We’re sorry, baby.
Your prospects recently changed dramatically, and not for the better, we fear.
(Although we’d love to be wrong about that.)
We’re not sure our paths will ever cross again, so consider this our note of apology for what we were not able to do to shield you from the rougher roads that may lie ahead in life.
Your parents had gotten out of prison not long before their first visit to our office (and yours.)
They were living at the local homeless shelter, when your pregnant mom and one of the guys that could be your father contacted our adoption agency about making a placement plan.

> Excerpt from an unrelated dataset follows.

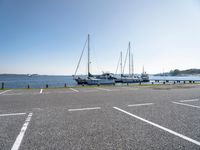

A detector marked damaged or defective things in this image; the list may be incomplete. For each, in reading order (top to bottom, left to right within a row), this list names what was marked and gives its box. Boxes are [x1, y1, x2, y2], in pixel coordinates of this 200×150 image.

cracked asphalt surface [0, 85, 200, 149]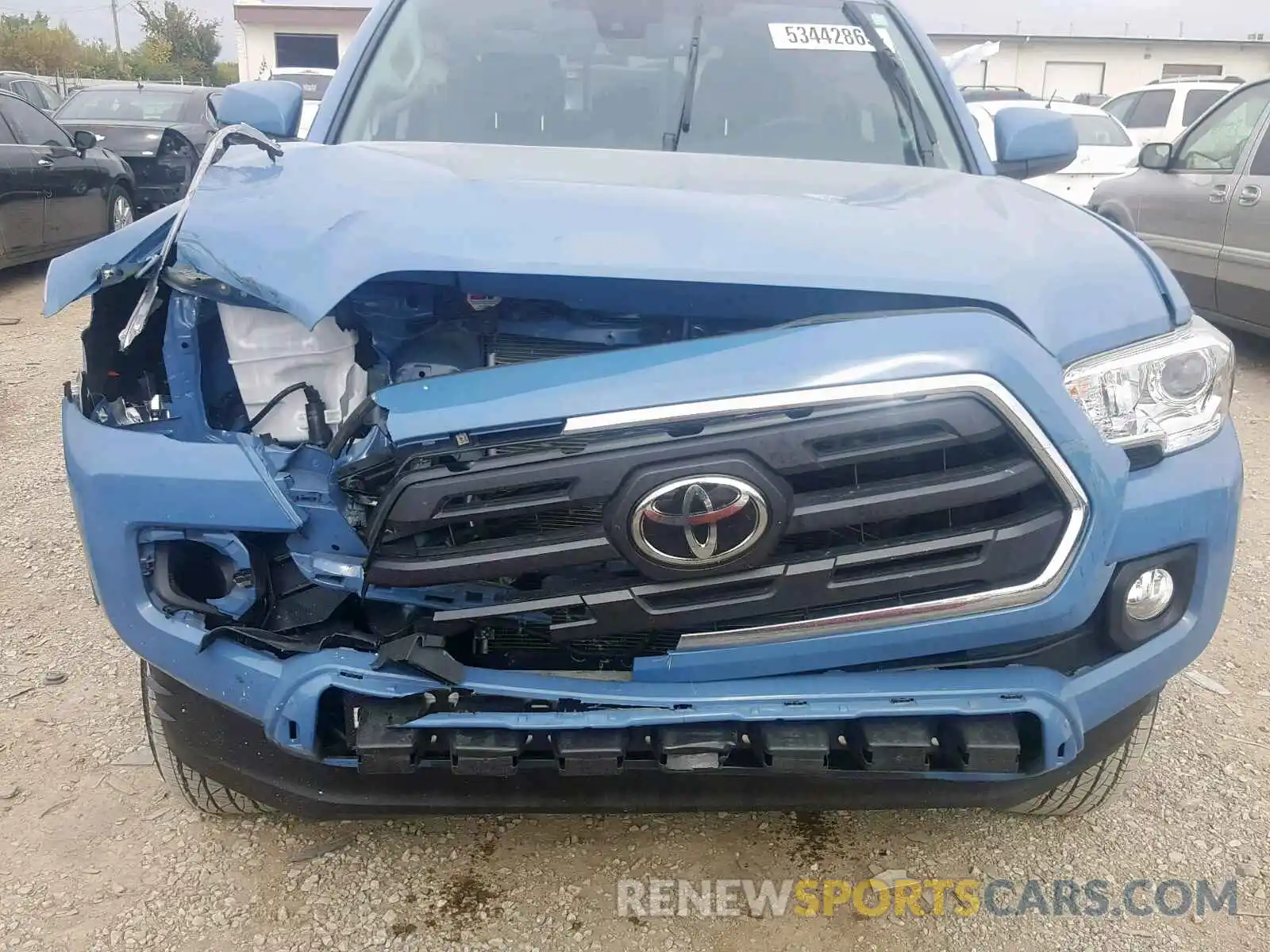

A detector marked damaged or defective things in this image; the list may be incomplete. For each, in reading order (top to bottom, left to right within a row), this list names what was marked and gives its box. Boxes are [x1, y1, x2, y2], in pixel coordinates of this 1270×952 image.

Some agencies might have seen them as “too sketchy,” but Abrazo gave them the benefit of the doubt because they definitely needed help.
Both of them had lost custody of their other kids. Both have long substance abuse histories and neither was responsive to available treatment options.
None of that is your fault, little one. You didn’t cause their problems, and you certainly can’t fix them. (And neither could we, it seems.)
We did try. We pulled out all our best social service resources. Highly-trained counselors and devoted social workers met with them weekly, while providing them with months of options counseling and housing and medical care and transportation to appointments and encouragement and support.
Ultimately, they chose an open adoption plan for your future, and everyone involved became part of a team they’d chosen to be a part of your future life story.
They chose somebody very special to be on their team, as well. It was a childless couple with infertility, who truly believed in your parents and saw the good in them, and wanted to see them succeed in life.
These were the people whose voices and laughter you may recall in the far recesses of your prenatal memories, for they spent time with your folks throughout the pregnancy. It was they who chose to use their life savings to help your parents out, as allowed by law. They went into this eyes wide open, knowing that their help was nothing more than an act of charity that could not and should not guarantee them a baby, much as they hoped they might get to be your parents.
Your mother has been through adoption before, so she did know the ropes. She’d also reneged on adoption before, so she knew those ropes, as well. The couple who’d hoped to become part of your forever family knew this, but they really liked your folks so they wanted to help them, regardless.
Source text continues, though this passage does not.